Zaczyna się coś dziać. Przemilczmy naciągany wątek z tym, że Batman ma tak niesamowite szczęście, że tajemniczy pomagierzy porywają Vicky Vale akurat na jego oczach i mamy... całkiem niezłą historię. Nie wiem, czemu ale lubię takie epizody - mało wnosi do ogólnej fabuły, ale równocześnie narasta aura zagrożenia. Czytelnik powoli się domyśla, kto stoi za ostatnimi wypadkami.... Scena, gdy Robin okrywa prawdę i prosi Gordona o uruchomienie sygnału jest kwintesencją tej właśnie aury.

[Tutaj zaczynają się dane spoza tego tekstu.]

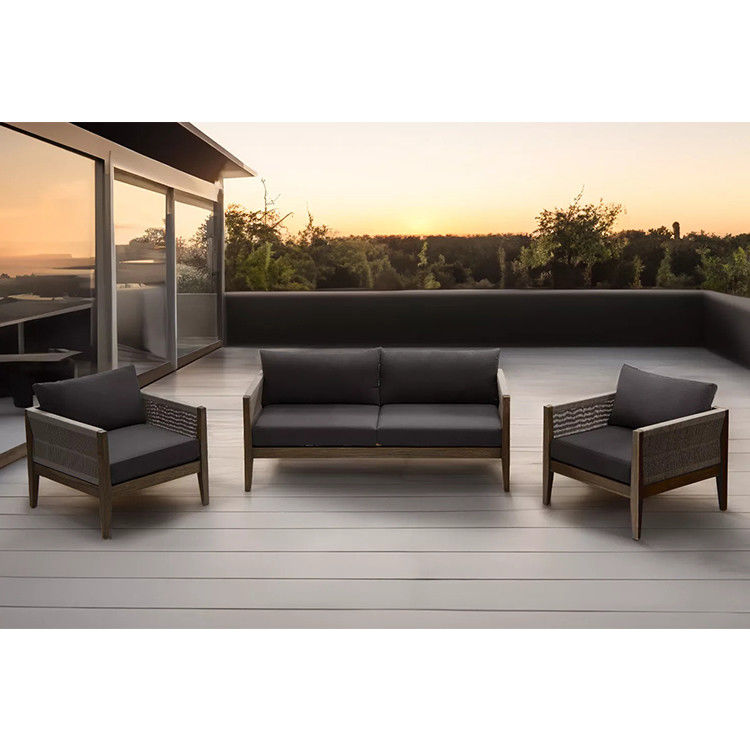 Garden Set AJUNION Luxury Teak Wood Outdoor Furniture Lounge Set Modern Polyester Rope Patio Set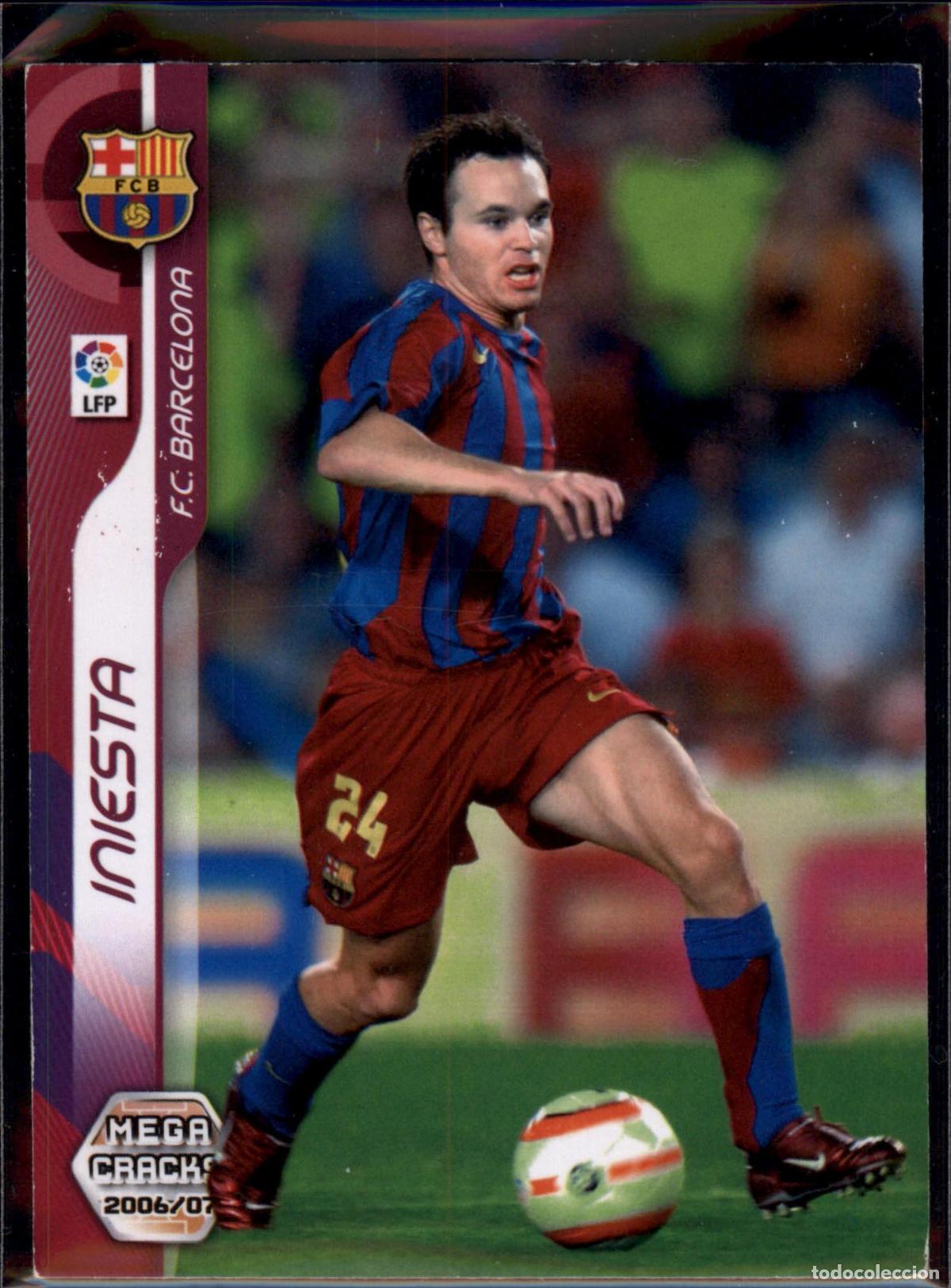 Cromos de f&uacute;tbol: Iniesta N&ordm; 50 Bar&ccedil;a (Barcelona) Megacracks 2006 2007 Panini 06 07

I na koniec - entrance! Oto ukazuje się winowajca. Chwila rozkosznej niepewności... I właśnie za to pochwała dla autorów. Nic ciekawego ta część do historii nie wnosi, ale równocześnie staje się miłym i budującym klimat interludium.
"Kryzys tożsamości, Cz. III: Pan strachu" (Identity Crisis, Part Three: Master of Fear)
Scenariusz: Alan Grant
Rysunki: Norm Breyfogle
Tusz: Steve Mitchell
Kolor: Adrienne Roy
Batman staje się więźniem Scarecrowa, który postanawia wypróbować na nim swoje mikstury strachu. Są to specjalnie przygotowane specyfiki, które wyzwalają w ofiarach nieodparte przerażenie na myśl o nieistniejącym zagrożeniu. I tak już wkrótce Batmanowi wydaje się, że łażą po nim całe stada pająków itp. Tymczasem Tim, który domyślił się gdzie jest kryjówka Scarecrowa przybywa na ratunek. Ponieważ jednak nie otrzymał od Bruce'a zgody na założenie kostiumu Robina, musi się zadowolić jedynie maską narciarską. Wpada do pomieszczenia, gdzie jest przetrzymywany Batman i załatwia pomocników Scarecrowa. Jednak główny szaleniec ma dość czasu żeby rzucić w Tima jedną ze swoich mieszanek. Wszystkie ostatnie obawy i koszmary Drake'a powracają ze wzmożoną siłą. Chłopiec zostaje sparaliżowany przez strach, jednak dzięki sile woli udaje mu się zaakceptować swoje obawy co umożliwia mu powrót do walki. Dzięki temu udaje mu się zaskoczyć Scarecrowa, który spodziewał się, że gaz uwolni go od chłopca na dłużej i Tim uwalnia Batmana. Zaś Scarecrow sam wdycha swoją miksturę i wyrusza w podróż do swoich najbardziej skrywanych strachów. Wkrótce potem, w jaskini Bruce wręcza Timowi nowy kostium. I znów Batmanowi będzie towarzyszył młody przyjaciel - Robin.
I mamy finał "Kryzysu tożsamości" (i znów zadam pytanie - skąd ten tytuł? Chyba wsadzono go tutaj tylko po to, żeby uwydatnić obawy Tima przed zostaniem nowym Robinem). I tak jak miałem nadzieję na coś ciekawszego, tak tutaj mam bezczelną kopię dziesiątków hollywoodzkich szmatławców sensacyjnych. Bohater (Batman) w pułapce. Superzłoczyńca (Scarecrow) go torturuje. Lecz nagle o to zjawia się ratunek! Dalej lecimy po naciąganej opowiastce o tym, jak to Tim przezwycięża swe wewnętrzne demony (hura!) i pokonuje złego, dając mu spróbować własnego lekarstwa. Zerżnięte ze starych historyjek? Być może. Słabe? Z pewnością. ot, kolejna opowiastka bez polotu, w której sceny walki przyćmiewają jakieś smętne szkice fabuły. Jedyny plus to ta maska narciarska. Dwa nietoperki.